With the advancement of technologies such as computer vision and 3D reconstruction [1], 3D data has experienced rapid development in fields such as virtual reality [2] and autonomous driving [3]. A point cloud, a common form of 3D data, constitutes a dataset composed of discrete points in 3D space, each carrying positional and other attribute information. It is the preferred choice for applications in scenarios such as autonomous driving and robotics analysis. The density of LiDAR point clouds involves the entire chain of LiDAR technology, including hardware manufacturing, data acquisition, and data processing and application, and is a key indicator of LiDAR technology. However, due to limitations of LiDAR sensors themselves, sampling intervals, or other factors, the acquired point cloud data may suffer from issues such as low resolution, loss of detail, or noise.

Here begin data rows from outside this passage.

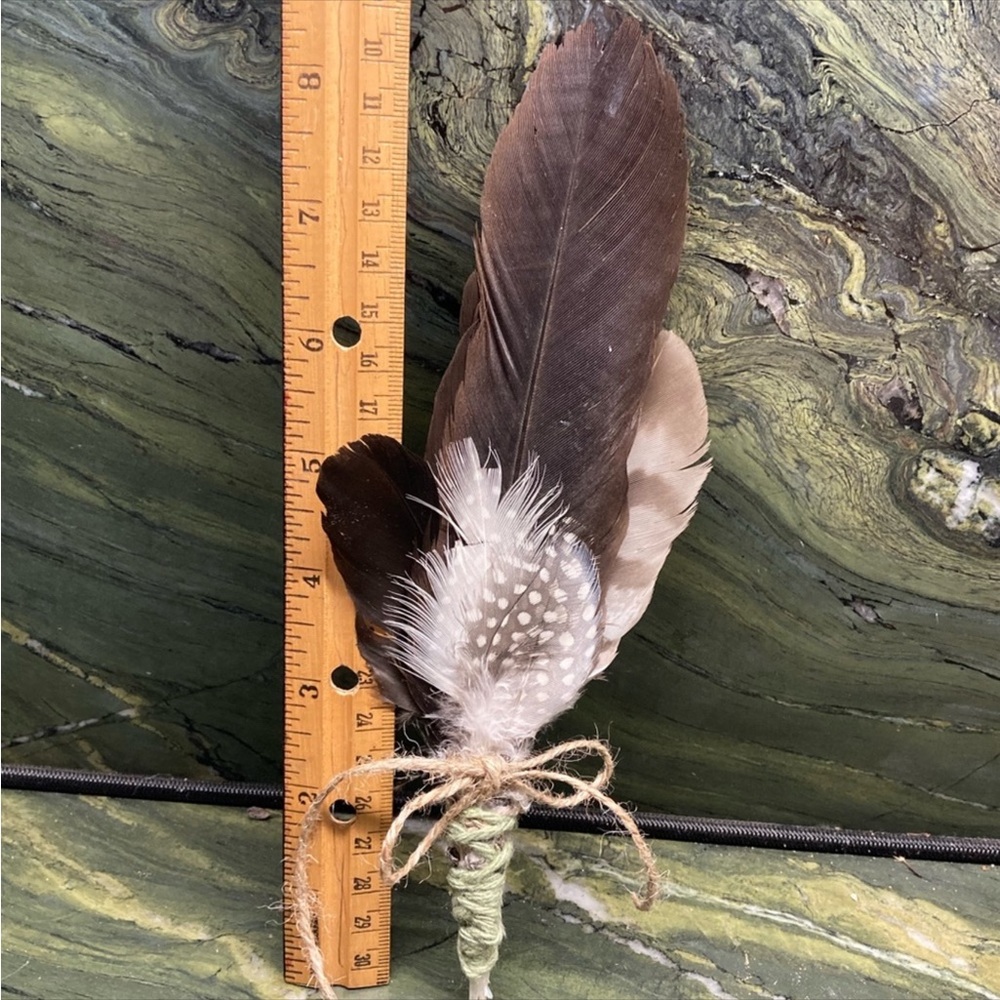 Feather Artwork Hand Crafted Natural Home Decor New - Picture 7 of 11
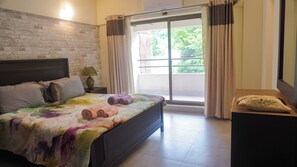 3 bedrooms, WiFi, bed sheets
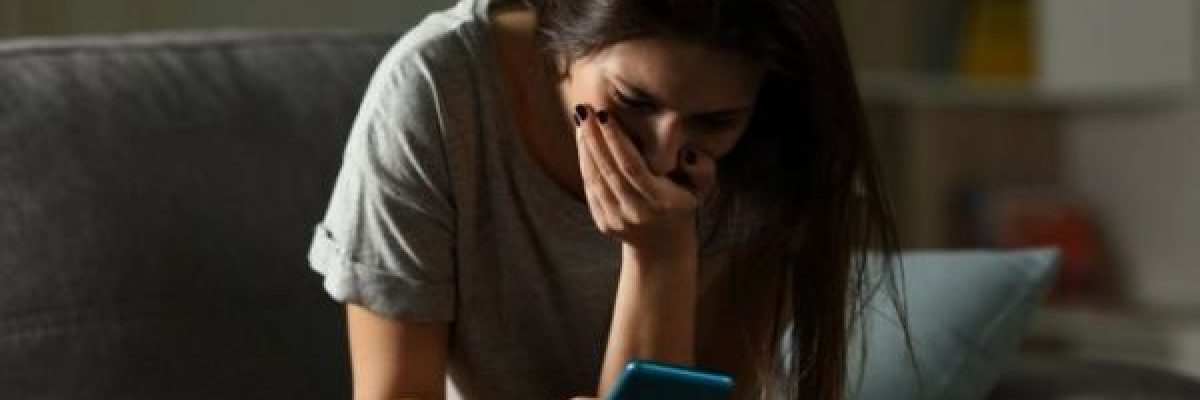 تطبيق-الكتروني-يستطيع-_تعرية-النساء_-يثير-جدل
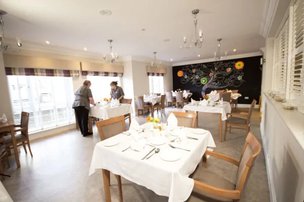 St Peter's Court, dining room 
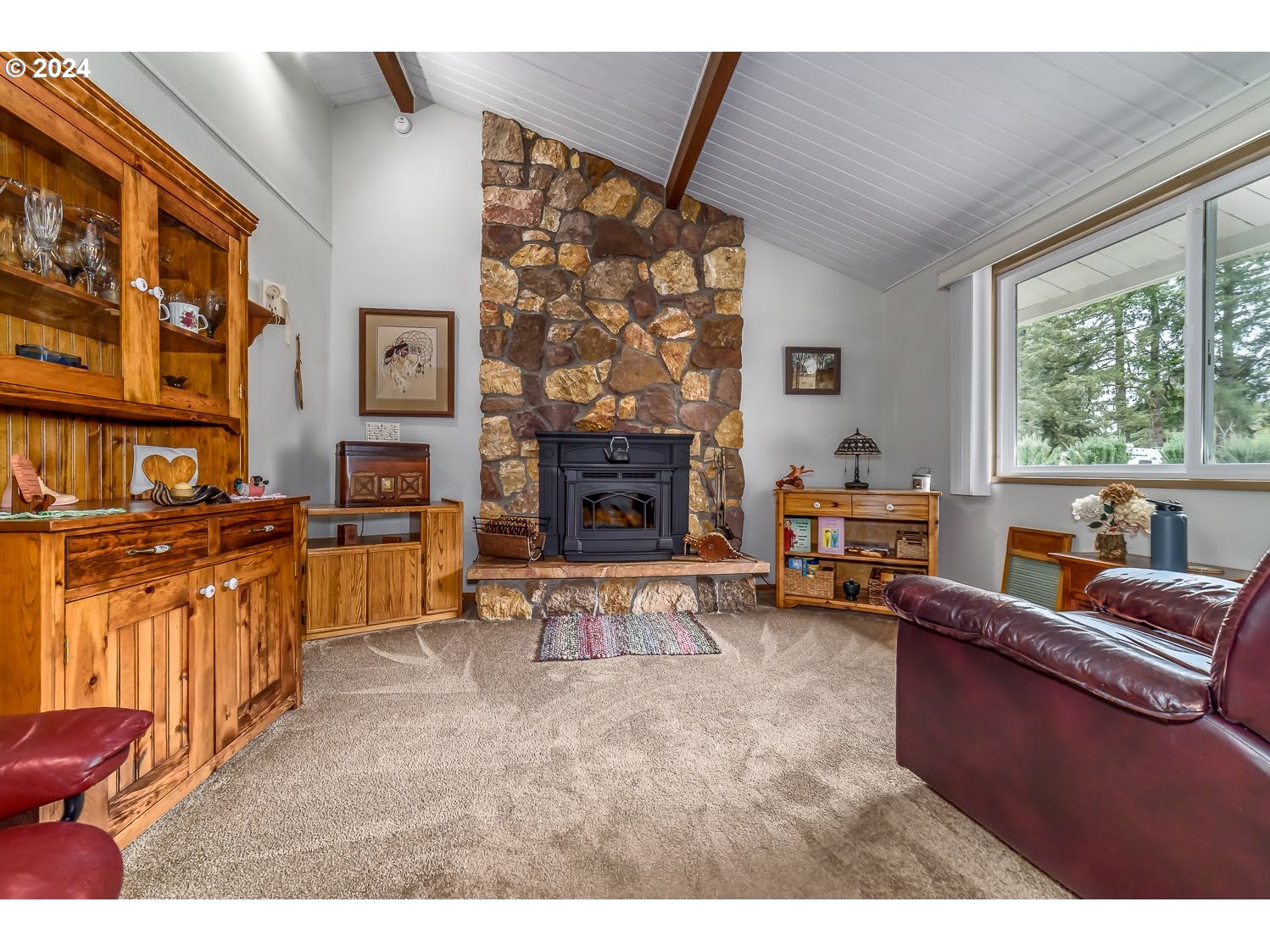 40157 York Lane Springfield, OR 97478 - Photo 17 of 41 a living room with furniture and a fireplace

To address this issue, point cloud super-resolution techniques have been proposed, aiming to enhance the resolution and level of detail in point cloud data through algorithms and technologies. Traditional methods for point cloud super-resolution reconstruction primarily involve approaches such as bilateral filters [4,5], second-order generalized total variation [6,7], Markov random fields [8,9], and point cloud upsampling [10,11]. In recent years, with the advancement of deep learning, efforts towards super-resolution reconstruction based on deep learning [12,13,14,15] have also made significant progress.

In point cloud super-resolution reconstruction, low-resolution point clouds can be regarded as partially incomplete point clouds. Point cloud completion methods are then employed to fill in missing details and structures, thus achieving the goal of super-resolution reconstruction. In recent years, several outstanding deep learning-based sparse depth completion frameworks [16] have been proposed.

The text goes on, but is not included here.